:: Activity ::
Return only what runs from the line containing "京焼・清水焼 森里陶楽 紫彩華紋紅茶碗皿" through the last line of the entries below, exactly, omitting pictures.

....

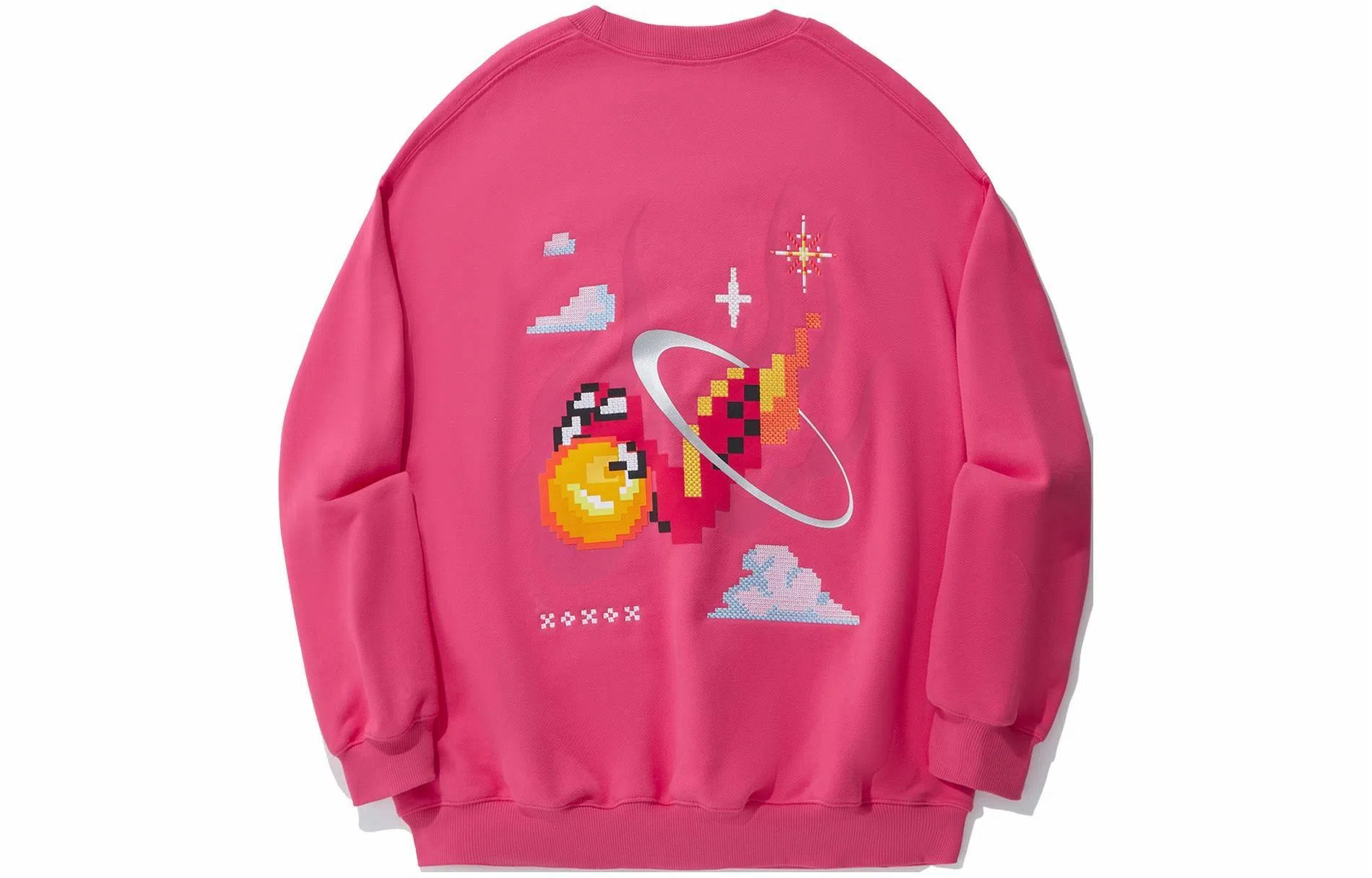 中国李宁 日进斗金系列 龙年龙图腾宽松套头无帽卫衣 男款 树梅红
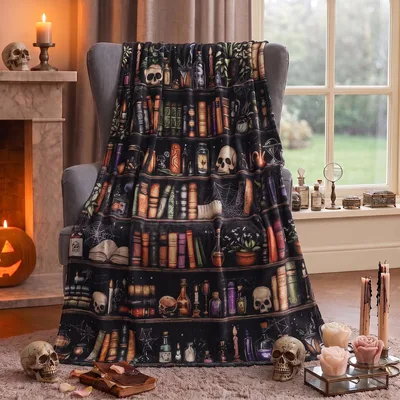 Skull Bookshelf Gothic Books Blanket for Dark Academia Readers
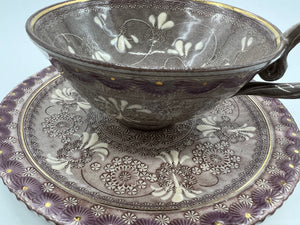 京焼・清水焼 森里陶楽 紫彩華紋紅茶碗皿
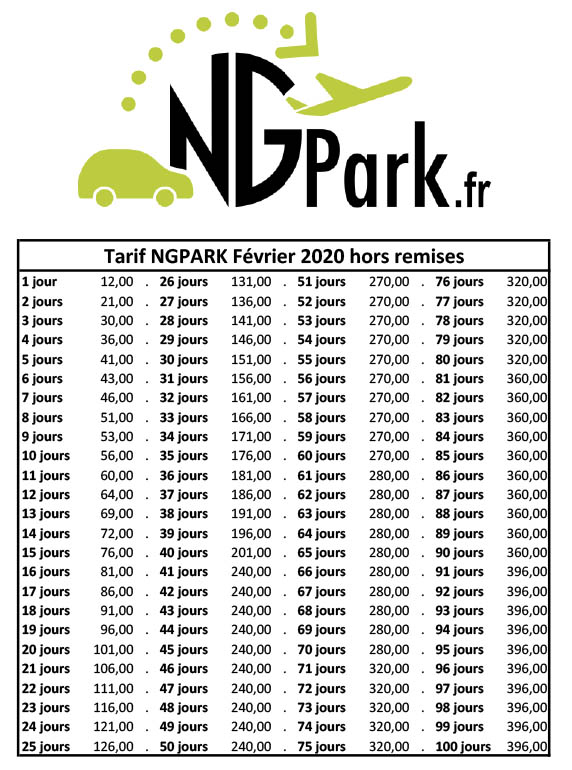 Tarif du parking près de l'aéroport de Nantes Atlantique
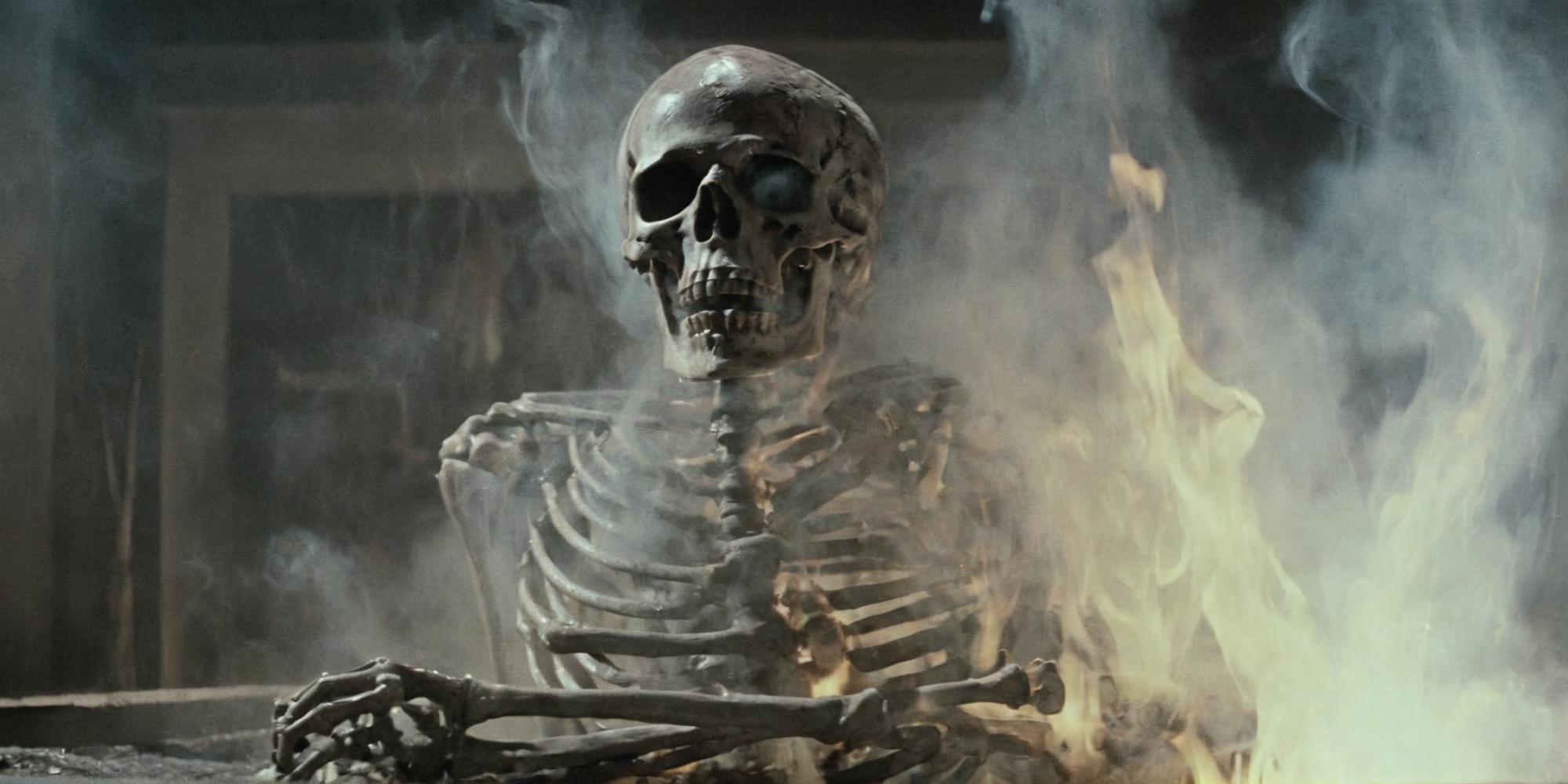 A skeleton sitting in front of a fire with smoke coming out of it - SeaArt  AI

....

:: Your response ::
 京焼・清水焼 森里陶楽 紫彩華紋紅茶碗皿
 Tarif du parking près de l'aéroport de Nantes Atlantique
 A skeleton sitting in front of a fire with smoke coming out of it - SeaArt  AI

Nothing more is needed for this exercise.